Rithana ya no tenía aliento de vida. Me agaché a su lado y cerré sus aterrorizados ojos. Una lágrima cayó por mi mejilla. Ella no volvería a la vida. Yo ya la había hechizado para no volver. Ese sería el peor castigo para mi hermano. Y para mí. La quería, sí, como hermana, como amiga, aquel tiempo juntos había sido muy diferente a todos los anteriores, nos habíamos complementado, comprendido, apoyado, sin mis intervenciones de poder. Todo se había dado naturalmente, ella seguía enamorada de mi hermano, me lo había confesado, pero “sabía” que él solo quería hacerle daño, lastimarla.
Rodhon dejó caer la daga en el regazo de la mujer de mi hermano y, cuando este apareció, creyó que había sido yo el que la había asesinado. De nada valdría sacarlo de su error ni darle explicaciones.
Después de ver el inerte cuerpo de su mujer, a su hijo, a medio nacer, muerto, se volvió en contra de nosotros. Rodhon intentó proteger a Khala, mas no lo consiguió, la mató una vez más, porque una vez más, gracias a mí, lo había traicionado. Rodhon se enojó con mi querido hermanito por aquella acción tan desalmada y quiso acabar con él, pero no, Ptolomeo no tenía ganas de morir todavía. Cuando Ptolomeo tomó a Rithana en sus brazos para darle la sepultura que se “merecía”, me sentí podrido, mi hermano la amaba de verdad, solo que no sabía cómo amar, se había equivocado tantas veces. Y no había marcha atrás.
―Debiste dejarme hacerla inmortal. ¿Hasta cuándo impedirás que sea inmortal como nosotros? ―le reprochó Rodhon a mi hermano, con Khala en sus brazos.

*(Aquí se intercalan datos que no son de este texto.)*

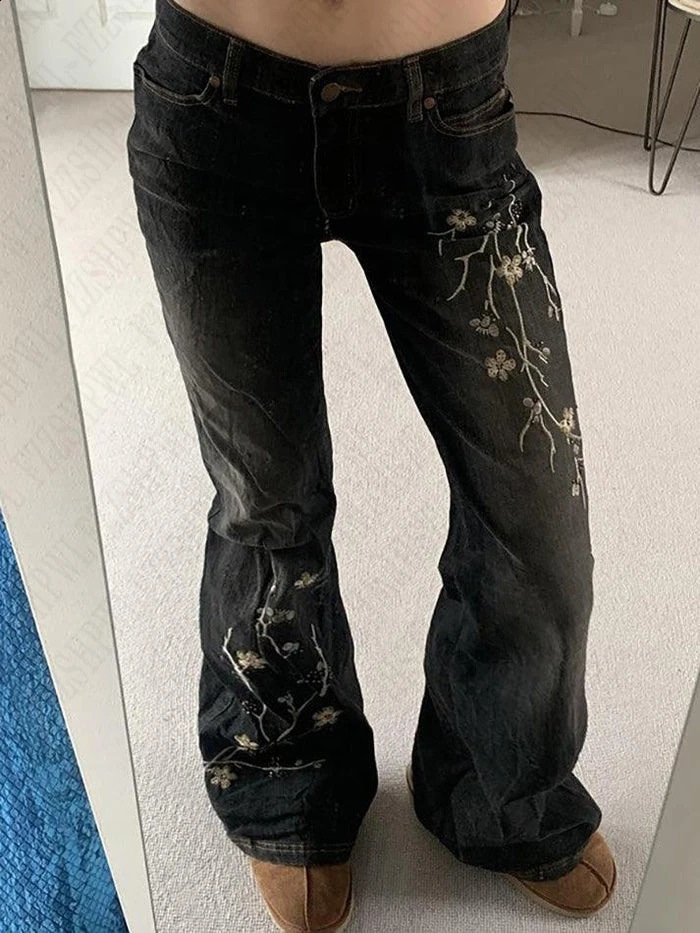 American 2000s Y2K Aesthetic Fashion Harajuku Vintage Casual Style Girl Streetwear Slim Fit Low Waist Flare Jean Trouser 250206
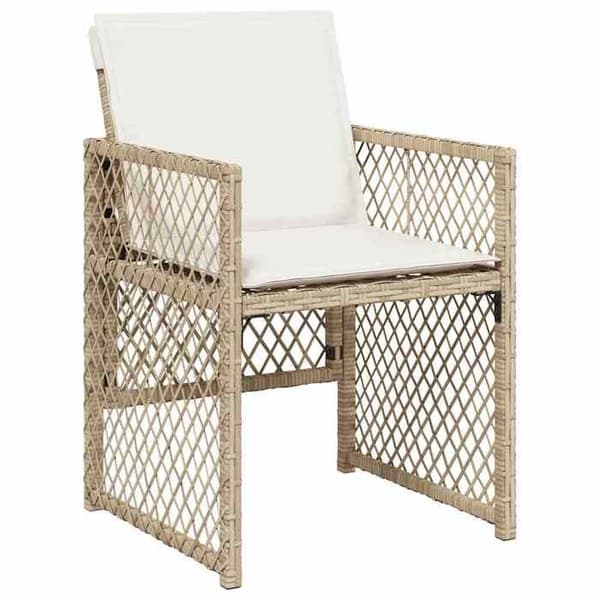 Maison Exclusive - Trädgårdsset med matbord och kuddar 13 delar beige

―Rithana ha tenido que morir las mismas veces, su vida ha sido sufrimiento, todo para nada. ¿Y te preocupas por Khala?
―Khala es mi esposa. Debe ser mi esposa.
―¡Y Rithana mi esposa y la madre de mi hijo!
―Sabes que no podía vivir.
―Ahora, después de todos estos siglos me lo dijiste, Rodhon, ¿por qué esperaste tantas vidas? ¿Por qué no me lo dijiste en Egipto? No, no me culpes a mí… De haber sabido que realmente mi hijo no podría vivir, no hubiese arriesgado jamás a Rithana. Ahora tendré que esperar a su nueva vida para hacerla inmortal…

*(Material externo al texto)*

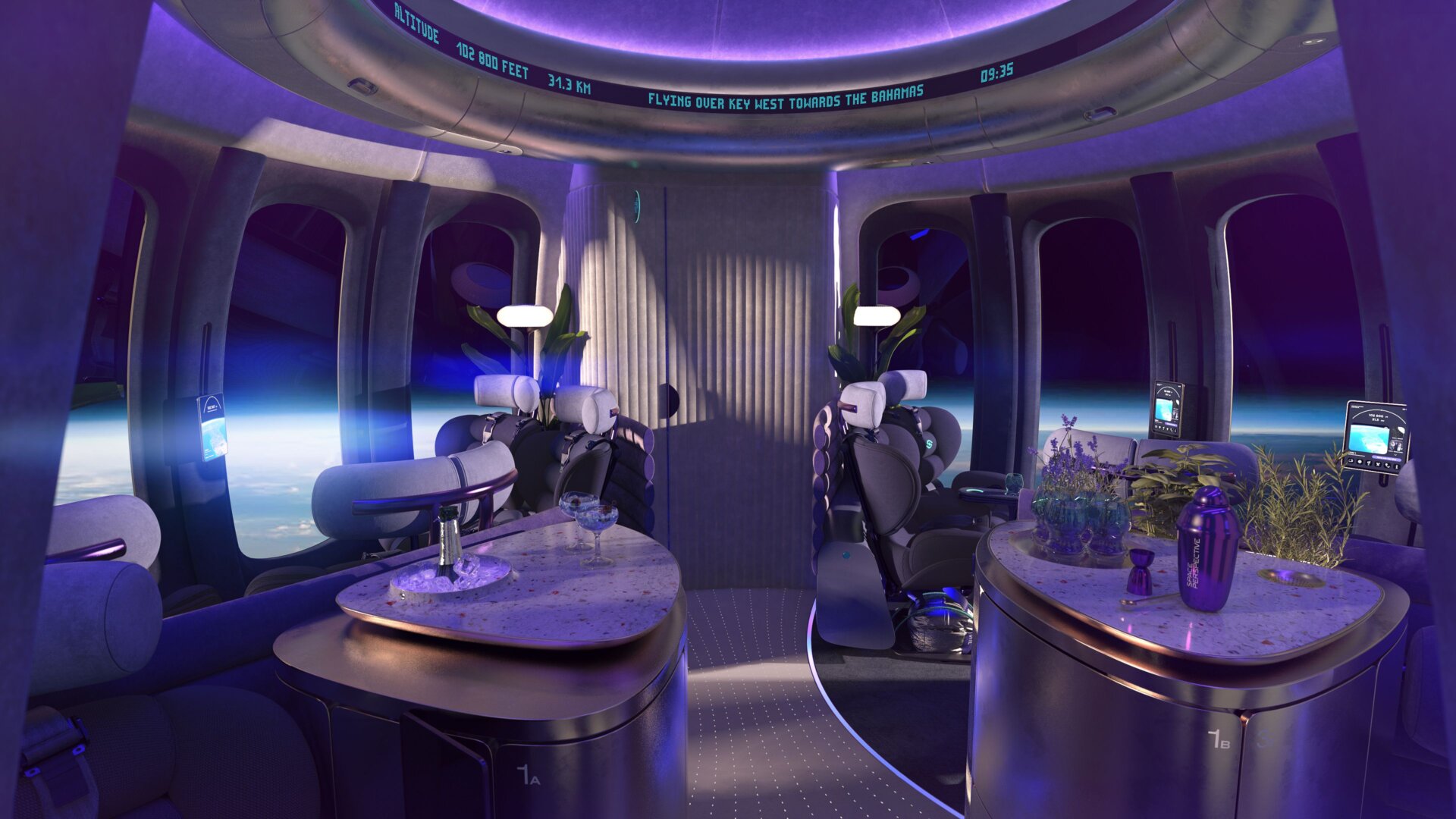 Conceptual view of the Space Perspective cabin interior.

Miré a Rodhon, ¿acaso no le había dicho que Rithana no volvería a la vida? No, a juzgar por su expresión, no se lo había dicho. Y Ptolomeo no lo podía creer. Todo su mundo se derrumbó.

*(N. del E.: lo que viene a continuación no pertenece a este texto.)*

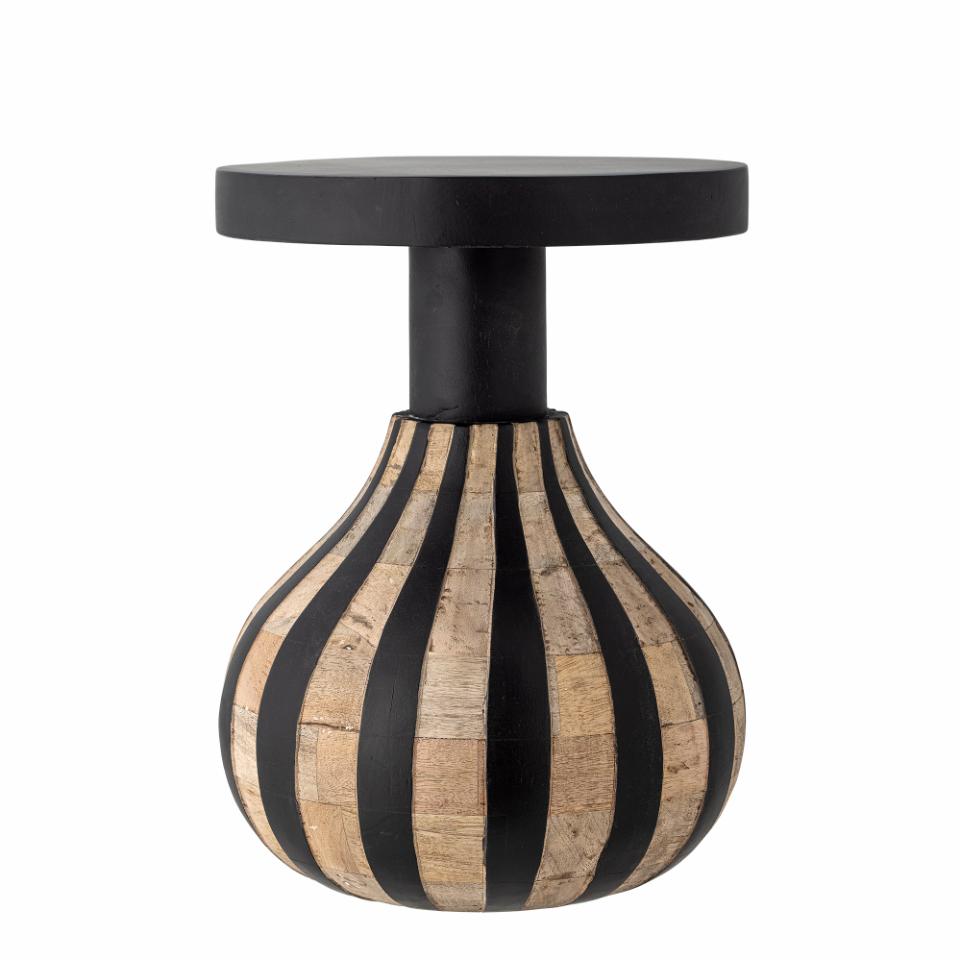 Mango Wood Table w/ Carved Striped Base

Sí, no niego que ver a mi hermano llorar no fue un espectáculo agradable ni digno de un “futuro faraón”. Pero ya que más daba. No sería ni faraón, ni padre, ni siquiera esposo. Aunque no era eso lo que tenía planeado, mi hermano estaba condenado a vivir el resto de su vida solo, nadando en sus millones, que nada harían por compensar las noches de desvelo con la imagen de Rithana en su cabeza.
Yo tampoco podría borrarla tan fácilmente de mi mente. Verlo con ella me descompuso y recordé todas las viejas rencillas que tenía en su contra.
Lo vi subir a su carruaje con Rithana en sus brazos. Hubiera sido una imagen desoladora… si no se hubiera tratado de esos dos traidores.
Miré a Rodhon, él tenía a Khala en sus brazos, pude percibir su odio, no solo hacia mi hermano, también a mí. Por un breve segundo pensé que él nos podría estar traicionando al jugar a dos bandas, sin embargo, esos pensamientos se esfumaron y dejaron en mí solo el sentimiento de rabia por Ptolomeo y Rithana que me habían traicionado.